Where does all the food come from?

San Franciscans consume 935,000 tons of food each year, and 5.9 million tons in the Bay area as a whole, while the "foodshed" (agricultural operations within 100 miles of the Golden Gate Bridge as defined in the study) produces 20 million tons of food annually.

In all, more than 80 different commodities are represented, with only a few not produced in abundance to satisfy the hunger of the City and Bay area residents.

The study also found that food products sold directly to consumers, for example, at farmers markets, are a small fraction, 0.5 percent of total regional production. However, this sector of the food system is expanding rapidly, with production of food for sale directly to consumers up nine percent a year from 1997 to 2002 in the San Francisco foodshed study area.

Impossible to track food because consumers don't demand to know its origin

"It's impossible to determine precisely how much locally-grown food is consumed in the city of San Francisco, or in fact, how much of what is consumed is produced on local farms and ranches," adds Thompson.

"The commercial food system in the region, as throughout the United States, does not track the origin of what it sells, primarily because consumers do not yet demand to know the origin of the foods they eat."

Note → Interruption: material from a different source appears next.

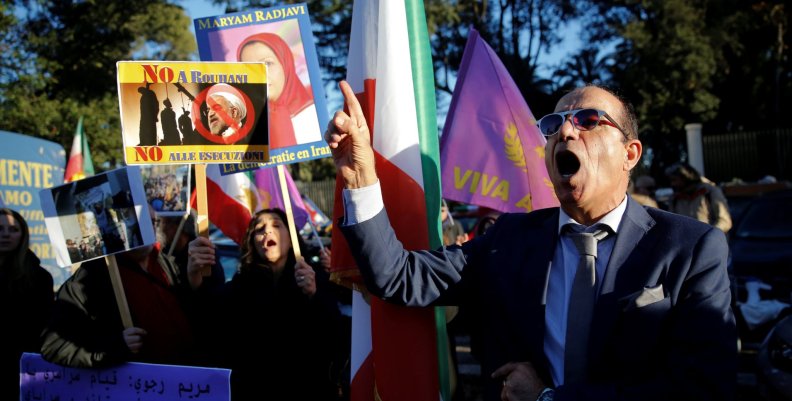 Opponents of Iranian President Hassan Rouhani hold a protest outside the Iranian embassy in Rome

Urban sprawl a threat to farmland

Most of what is produced in the San Francisco foodshed is grown in the Central and Salinas Valleys. Three-quarters of the value of agricultural production in this area comes from less than one-fifth of the land that is irrigated cropland, the land that is under the most pressure from urban development.

"Without local farmland, there can be no local food," says Thompson. "New development in this region is consuming an acre of farmland for every 9.7 residents — the epitome of urban sprawl. If we continue at this rate, we'll lose another 800,000 acres by 2050, and much of that will be an unnecessary waste because of how inefficiently we are paving over the best land on earth."

More challenges to locally grown food movement

The loss of farmland is one of several significant obstacles that must be addressed to increase both the production, marketing and local consumption of locally-grown food. But there are others, such as:

  • Encouraging the traceability of the origin of locally-grown food
  • Educating consumers about eating foods in-season
  • Providing capital, expertise and infrastructure to enable growers to transition to producing foods for local markets
  • Assuring access to healthy, local food for low-income consumers

Local food movement also offers opportunities

"Despite the challenges, there are great opportunities to increase eating locally in San Francisco and the Bay Area," says Thompson.

"The local foods movement has momentum in this region. Public and private institutions are starting to source food locally. And as the fossil fuel era wanes, local food may gain in advantage in the marketplace over food that is processed and shipped long distances."

"No pun intended, we hope this report offers food for thought for San Francisco's consumers, area producers and other cities across the country," concludes Thompson.